▶ DATA

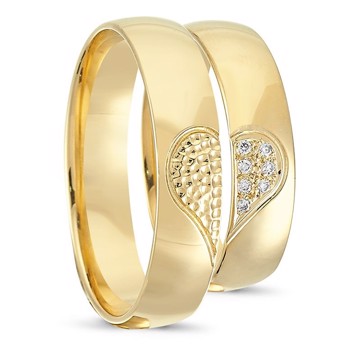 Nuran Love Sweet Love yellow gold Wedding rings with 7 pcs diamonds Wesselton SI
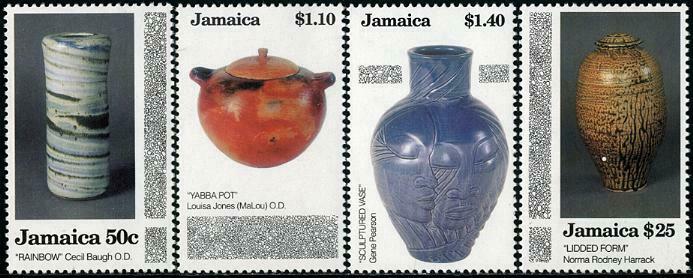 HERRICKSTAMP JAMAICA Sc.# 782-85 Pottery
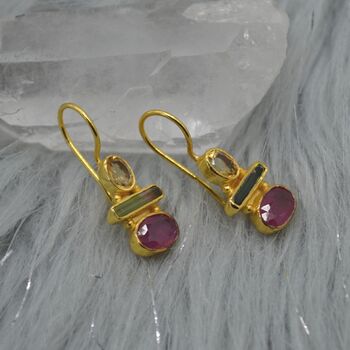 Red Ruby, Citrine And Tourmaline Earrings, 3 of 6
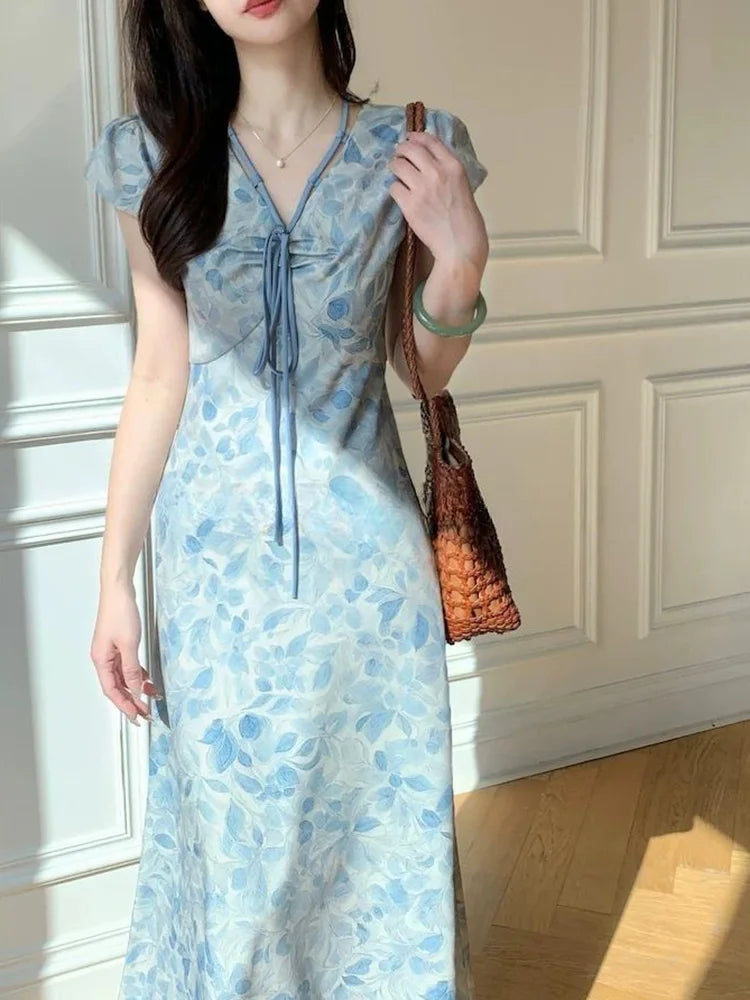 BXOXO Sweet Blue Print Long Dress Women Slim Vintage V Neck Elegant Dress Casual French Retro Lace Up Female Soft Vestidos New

▶ AIM OF THE TASK
Extract every line of the data exactly; pictures stay out.

▶ EXERCISE ANSWER
 Nuran Love Sweet Love yellow gold Wedding rings with 7 pcs diamonds Wesselton SI
 HERRICKSTAMP JAMAICA Sc.# 782-85 Pottery
 Red Ruby, Citrine And Tourmaline Earrings, 3 of 6
 BXOXO Sweet Blue Print Long Dress Women Slim Vintage V Neck Elegant Dress Casual French Retro Lace Up Female Soft Vestidos New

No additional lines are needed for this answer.